Say NO!
What is the magic word? NO. If you want to get what you are asking for then you have to get them to say NO.
This is another tool to negotiate successfully, if you missed the Jedi Mind Trick tool then click here.
Why?
Because saying NO makes feel secure, autonomous and powerful in front of other people. As Chris Voss in his book Never Split the Difference: Negotiating As If Your Life Depended On It mentions:
When people say “no”, they feel they’ve protected themselves. “No” is protection. “Yes” is commitment. People worry about what have I just committed to by saying yes. But when you say “no”, you don’t commit to anything. Since you just protected yourself, you have a tendency to relax. People actually become a lot more open if they feel they’ve protected themselves.
Because you want your counterpart to relax, open up and enter the negotiation by lowering his guard. You don’t want them feeling their autonomy is questioned by trying to squeeze out as many yeses as possible.
How?
If you ever watched Peanuts, the remember that NO is to the counterpart what blanket is to Linus. By getting the other person to say NO they are comforting themselves and will feel secure.
Reconfigure you mind and think in terms of NO answers such as:
Do you want this deal to fail? NO.
Would it be a bad idea if we/I...? NO.
Have you given up on this project? NO.
Is now a bad time to talk? NO.
Is it a problem if I ...? NO.
Am I being ridiculous? NO.
Does it sound crazy to you? NO.
You want them to open gently as tulips blossom in spring, you don′t want to yank the answers out of them, seduce them with this psychological tool. Appeal to their need of autonomy specially in a negotiation room where egos can feel very insecure.

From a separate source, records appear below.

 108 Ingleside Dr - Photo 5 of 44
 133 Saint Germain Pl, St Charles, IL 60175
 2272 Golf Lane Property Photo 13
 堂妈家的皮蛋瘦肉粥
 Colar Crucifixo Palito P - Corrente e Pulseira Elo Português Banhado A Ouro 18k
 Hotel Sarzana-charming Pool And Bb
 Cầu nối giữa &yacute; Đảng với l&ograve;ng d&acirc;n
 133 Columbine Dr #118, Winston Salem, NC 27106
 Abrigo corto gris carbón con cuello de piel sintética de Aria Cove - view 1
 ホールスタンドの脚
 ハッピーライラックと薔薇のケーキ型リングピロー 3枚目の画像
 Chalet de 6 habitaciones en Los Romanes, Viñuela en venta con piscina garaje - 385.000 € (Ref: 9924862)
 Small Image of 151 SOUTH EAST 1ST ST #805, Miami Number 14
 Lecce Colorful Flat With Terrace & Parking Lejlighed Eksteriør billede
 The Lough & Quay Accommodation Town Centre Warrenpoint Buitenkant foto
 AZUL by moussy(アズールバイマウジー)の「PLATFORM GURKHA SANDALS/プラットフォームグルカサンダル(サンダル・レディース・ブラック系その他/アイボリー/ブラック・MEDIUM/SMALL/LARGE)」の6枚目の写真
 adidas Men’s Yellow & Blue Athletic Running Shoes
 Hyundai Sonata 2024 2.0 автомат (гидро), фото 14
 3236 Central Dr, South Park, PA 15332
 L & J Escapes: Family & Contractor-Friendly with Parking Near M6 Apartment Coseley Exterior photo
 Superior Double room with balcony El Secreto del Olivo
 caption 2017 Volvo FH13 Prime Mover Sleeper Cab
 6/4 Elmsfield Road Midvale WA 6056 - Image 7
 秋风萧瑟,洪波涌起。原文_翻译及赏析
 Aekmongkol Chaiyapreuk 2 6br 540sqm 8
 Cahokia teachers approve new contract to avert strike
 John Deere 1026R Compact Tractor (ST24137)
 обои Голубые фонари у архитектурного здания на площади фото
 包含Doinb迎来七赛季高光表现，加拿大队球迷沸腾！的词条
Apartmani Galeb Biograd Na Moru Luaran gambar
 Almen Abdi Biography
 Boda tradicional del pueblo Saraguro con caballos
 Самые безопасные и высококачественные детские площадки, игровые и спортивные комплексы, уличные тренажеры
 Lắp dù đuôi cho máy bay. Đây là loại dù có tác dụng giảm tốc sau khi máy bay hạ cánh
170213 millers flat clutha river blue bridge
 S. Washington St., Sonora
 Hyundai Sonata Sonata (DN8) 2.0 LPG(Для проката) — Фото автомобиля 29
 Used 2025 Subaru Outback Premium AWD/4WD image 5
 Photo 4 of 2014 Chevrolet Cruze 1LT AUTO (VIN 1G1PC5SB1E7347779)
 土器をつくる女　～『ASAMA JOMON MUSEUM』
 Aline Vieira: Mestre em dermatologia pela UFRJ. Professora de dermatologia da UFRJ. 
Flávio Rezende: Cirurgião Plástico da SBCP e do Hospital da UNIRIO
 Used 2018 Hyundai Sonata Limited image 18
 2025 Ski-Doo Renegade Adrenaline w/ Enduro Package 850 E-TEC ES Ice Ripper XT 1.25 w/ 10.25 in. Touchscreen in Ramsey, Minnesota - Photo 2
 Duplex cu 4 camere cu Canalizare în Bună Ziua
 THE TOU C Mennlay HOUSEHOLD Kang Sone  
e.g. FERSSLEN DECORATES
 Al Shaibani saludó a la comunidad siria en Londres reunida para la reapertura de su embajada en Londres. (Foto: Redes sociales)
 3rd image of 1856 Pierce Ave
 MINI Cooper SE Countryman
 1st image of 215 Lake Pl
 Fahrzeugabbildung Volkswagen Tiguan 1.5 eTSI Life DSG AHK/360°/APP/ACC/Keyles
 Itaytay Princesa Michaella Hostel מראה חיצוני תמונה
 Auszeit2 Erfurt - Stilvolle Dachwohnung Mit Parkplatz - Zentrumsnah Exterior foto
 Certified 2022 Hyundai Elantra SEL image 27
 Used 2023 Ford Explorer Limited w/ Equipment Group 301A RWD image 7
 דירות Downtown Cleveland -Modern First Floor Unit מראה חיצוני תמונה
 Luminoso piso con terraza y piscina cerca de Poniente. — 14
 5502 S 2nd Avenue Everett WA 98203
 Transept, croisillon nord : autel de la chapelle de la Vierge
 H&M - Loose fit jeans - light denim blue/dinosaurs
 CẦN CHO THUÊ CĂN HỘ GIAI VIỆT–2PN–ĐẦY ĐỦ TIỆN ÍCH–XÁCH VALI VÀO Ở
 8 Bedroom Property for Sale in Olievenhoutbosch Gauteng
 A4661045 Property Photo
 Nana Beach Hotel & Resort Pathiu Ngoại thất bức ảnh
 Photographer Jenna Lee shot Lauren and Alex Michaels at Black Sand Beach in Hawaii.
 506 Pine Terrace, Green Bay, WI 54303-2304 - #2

It was hard for me to start thinking of questions that you could answer no, but as the book mentions we are accustomed of the YES method where we are supposed to build a tower of yeses in order to get the final yes.
Keep in mind that the key objective is to make the other person feel his autonomy in the room, run away from tactics that will make him feel otherwise because it might make the negotiation and concessions difficult.